The EU said it had frozen the assets of ousted Ukrainian president Yanukovych and 17 other officials suspected of human rights violations and misuse of state funds.

The EU summit in Brussels however seemed unlikely to adopt more than symbolic measures against Russia, Europe’s biggest gas supplier, because neither industrial powerhouse Germany nor financial center Britain is keen to start down that road.

The short, informal EU summit was mostly dedicated to displaying support for Ukraine’s new pro-Western government, with Yatseniuk in attendance even though Kiev is neither an EU member nor a recognized candidate for membership.

The European Commission has announced aid of up to 11 billion euros (15 billion dollars) for Ukraine over the next couple of years provided it reaches a deal with the International Monetary Fund, entailing painful reforms like ending gas subsidies.

Diplomats said that at most the EU would condemn Russia’s so-far bloodless seizure of Crimea and suspend talks with Moscow on visa liberalization and economic cooperation, while threatening further measures if Putin does not accept mediation efforts soon.
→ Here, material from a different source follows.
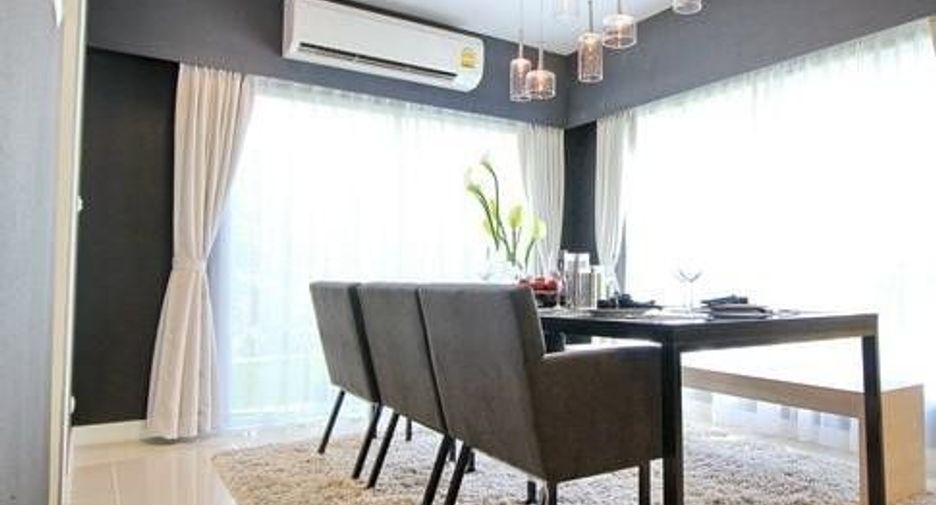 Baan Klang Muang Sukhumvit 77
They were expected to hold back from tougher steps both in hopes of a diplomatic breakthrough and out of fear of a tit-for-tat trade war with Russia, a major economic partner of Europe.

France has a deal to sell warships to Russia that it is so far not prepared to cancel, London’s banks have profited from facilitating Russian investment, and German companies have 22 billion dollars invested in Russia.

European Central Bank chief Mario Draghi said the crisis had already had a major impact on the Russian and Ukrainian economies, but little effect so far on the eurozone.

Russia kept the door ajar for more diplomacy on its own terms, announcing on Thursday a meeting of former Soviet states, including Ukraine, for April 4.

Lavrov said attempts by Western countries to take action over the Ukraine crisis via democracy watchdog OSCE and the NATO military alliance were not helpful.

He stuck to Putin’s line—ridiculed by the West—that Moscow does not command the troops without national insignia which have taken control of Crimea, besieging Ukrainian forces, and hence cannot order them back to barracks.

Outside Crimea, in eastern and southern cities that saw big pro-Russian demonstrations, the tide of public opinion appears however to be turning in favor of Kiev.

Ukrainian police cleared pro-Moscow demonstrators from the regional parliament building in Donetsk, where pro-Kiev demonstrations are now much larger than pro-Moscow ones in the city, home town of ousted leader Yanukovych.